Please Help!!
Use the discriminant to determine whether the follow equations have solutions that are:
-two different rational solutions
-two different irrational solutions
-exactly one rational solution or
-two different imaginary solutions.
8x^2+7x+3=0
evaluate b^2 - 4ac
= 49-4(8)(3) = -47
look in your notes or textbook
If the discriminant is negative, then there are two different imaginary roots or solutions
To determine the nature of the solutions for the given quadratic equation, we need to calculate the discriminant. The discriminant is a mathematical expression that helps us determine whether the solutions are rational, irrational, real, imaginary, or unique.
The general form of a quadratic equation is given by ax^2 + bx + c = 0, where a, b, and c are coefficients.
In this case, the equation is 8x^2 + 7x + 3 = 0, so our coefficients are:
a = 8
b = 7
c = 3
The discriminant (denoted as Δ) for a quadratic equation is calculated using the formula:
Δ = b^2 - 4ac
Let's substitute the values into the formula and solve for Δ:
Δ = (7)^2 - 4(8)(3)
Δ = 49 - 96
Δ = -47
Now that we have calculated the discriminant, we can analyze its value to determine the nature of the solutions:
1. If the discriminant (Δ) is positive and a perfect square, the equation has two different rational solutions.

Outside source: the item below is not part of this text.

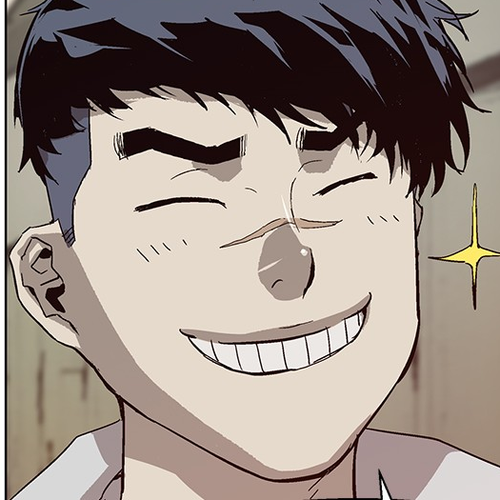 Weak Hero Chapter 136: (S3) Ep. 135 cover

2. If the discriminant (Δ) is positive but not a perfect square, the equation has two different irrational solutions.
3. If the discriminant (Δ) is zero, the equation has exactly one rational solution.
4. If the discriminant (Δ) is negative, the equation has two different imaginary solutions.
In our case, the discriminant is negative (Δ = -47), which means the equation has two different imaginary solutions.
Therefore, the quadratic equation 8x^2 + 7x + 3 = 0 has two different imaginary solutions.